Data supplied
+ + +
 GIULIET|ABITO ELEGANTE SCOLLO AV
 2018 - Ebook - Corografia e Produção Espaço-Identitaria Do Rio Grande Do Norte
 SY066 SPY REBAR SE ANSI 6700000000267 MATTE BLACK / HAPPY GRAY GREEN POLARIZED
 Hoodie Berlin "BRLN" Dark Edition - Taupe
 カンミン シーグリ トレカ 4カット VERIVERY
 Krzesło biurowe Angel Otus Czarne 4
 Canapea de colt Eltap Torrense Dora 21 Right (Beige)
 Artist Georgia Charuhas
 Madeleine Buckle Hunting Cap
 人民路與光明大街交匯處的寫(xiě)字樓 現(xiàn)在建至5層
+ + +
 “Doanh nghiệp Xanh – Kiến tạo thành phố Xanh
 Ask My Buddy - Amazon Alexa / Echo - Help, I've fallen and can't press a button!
+ + +
Problem to work on
Using the listing above, return word for word each line from the one that has "thành phố Xanh" through the one that has "Ask My Buddy", and no line outside that range.

Answer to the problem
 “Doanh nghiệp Xanh – Kiến tạo thành phố Xanh
 Ask My Buddy - Amazon Alexa / Echo - Help, I've fallen and can't press a button!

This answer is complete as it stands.